Wäre es also im Lichte dessen, was sich in Wittgensteins späten Texten über die Verbindung von Sprache und Leben finden lässt, „richtig zu sagen, in unsern Begriffen spiegelt sich unser Leben?“ (BF III, 302) Signifikanterweise beantwortet er auch diese Frage nicht, vermeidet er auch hier jegliche Theorie über die Art der Beziehung zwischen Sprache und Leben. Vielmehr fügt er anstelle einer Antwort hinzu: „Sie stehen mitten in ihm“ (ebd.). Denn dies ist eigentlich alles, was er über diese Beziehung sagen will.


III.


Vor dem Hintergrund dieser Verhältnisbestimmung von Sprache und Leben, für die der Begriff der ‚Lebensform’ in allen relevanten Zusammenhängen der Wittgensteinschen Texte keine Rolle spielt, kann man sich nun fragen, was es mit diesem Begriff in Wittgensteins Denken dann überhaupt auf sich hat. Was ist mit ihm gemeint, und wie verhält er sich zu jenem menschlichen Leben als solchem, das sämtliche Sprachspiele einer natürlichen Sprache einbettet? Einer Antwort auf diese Frage dürfte man bei einer genaueren Betrachtung einer oft zitierten Bemerkung aus dem sog. ‚Teil II’ der Philosophischen Untersuchungen näherkommen, in der der Begriff der ‚Lebensform’ in aufschlussreicher Weise verwendet wird. „Kann nur hoffen, wer sprechen kann?“, fragt Wittgenstein hier. Und er antwortet:

Nur der, der die Verwendung einer Sprache beherrscht. D.h., die Erscheinungen des Hoffens sind Modifikationen dieser komplizierten Lebensform. (PU, S. 277)

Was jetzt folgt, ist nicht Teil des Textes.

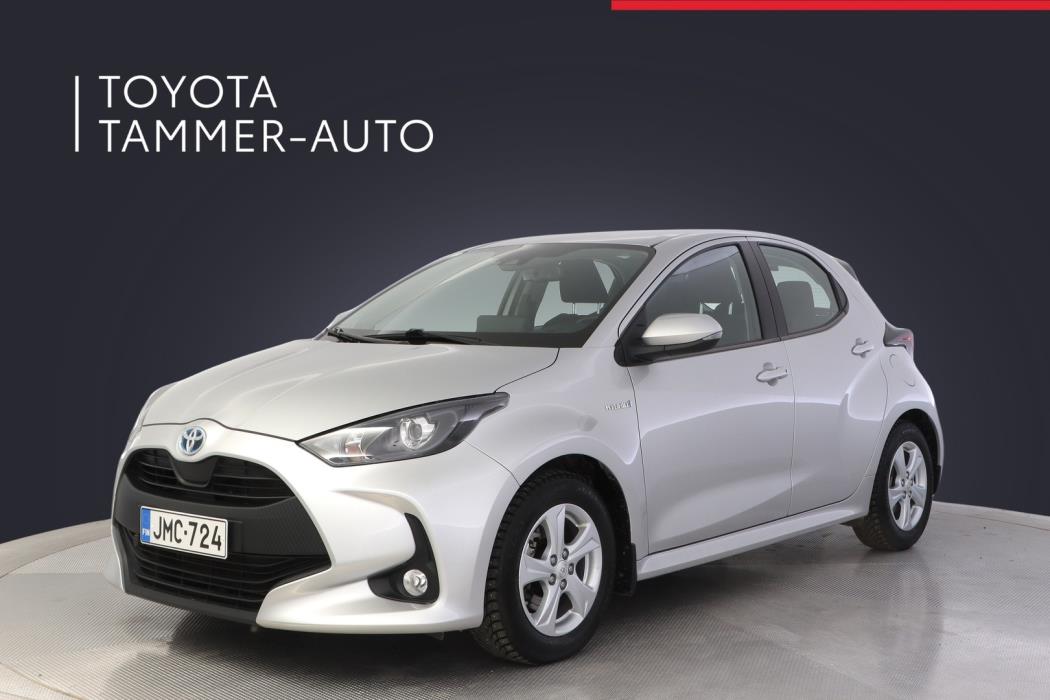 TOYOTA Yaris 2021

Im Lichte seines eben skizzierten Gedankens, dass Begriffe wie ‚Hoffnung’ und ‚Erwartung’, ‚Bescheidenheit’ und ‚Prahlerei’ gar nicht ontologisch eigenständige Phänomene der psychischen oder sozialen Welt bezeichnen, sondern vielmehr auf Muster des Lebens Bezug nehmen, die innerhalb einer Sprachgemeinschaft als signifikant empfunden und mittels Begriffswörtern herausgehoben werden, ist der erste Teil seiner Antwort klar. Denn die Frage, ob nur ‚hoffen’ könne, wer auch sprechen kann, ist in diesem Lichte natürlich zu bejahen, weil nur derjenige, der die Verwendung einer Sprache beherrscht, sprachliche Äußerungen machen kann, die wir zum Lebensmuster der ‚Hoffnung’ bzw. des ‚Hoffens’ rechnen. Doch was sagt Wittgenstein im zweiten Teil dieser berühmten Bemerkung, in dem er mit den Worten, ‚die Erscheinungen des Hoffens’ seien ‚Modifikationen dieser komplizierten Lebensform’, seine erste Antwort präzisiert? Sowohl Garver22 als auch namhafte Vertreter der Standardinterpretation lesen diese Bemerkung so, dass sich der deiktische Ausdruck ‚dieser’ in der Rede von ‚dieser komplizierten Lebensform’ auf ‚die Verwendung einer Sprache’ im Satz zuvor beziehe. Gesagt sei an dieser Stelle also,

dass die ‚Erscheinungen des Hoffens’  d.h. unsere sprachlichen und nichtsprachlichen Äußerungen hoffnungsvoller Einstellungen  ‚Modifikationen dieser komplizierten Lebensform’ sind, nämlich der Lebensform von Geschöpfen, die eine Sprache beherrschen.23

Doch ist diese Lesart wirklich zwangsläufig?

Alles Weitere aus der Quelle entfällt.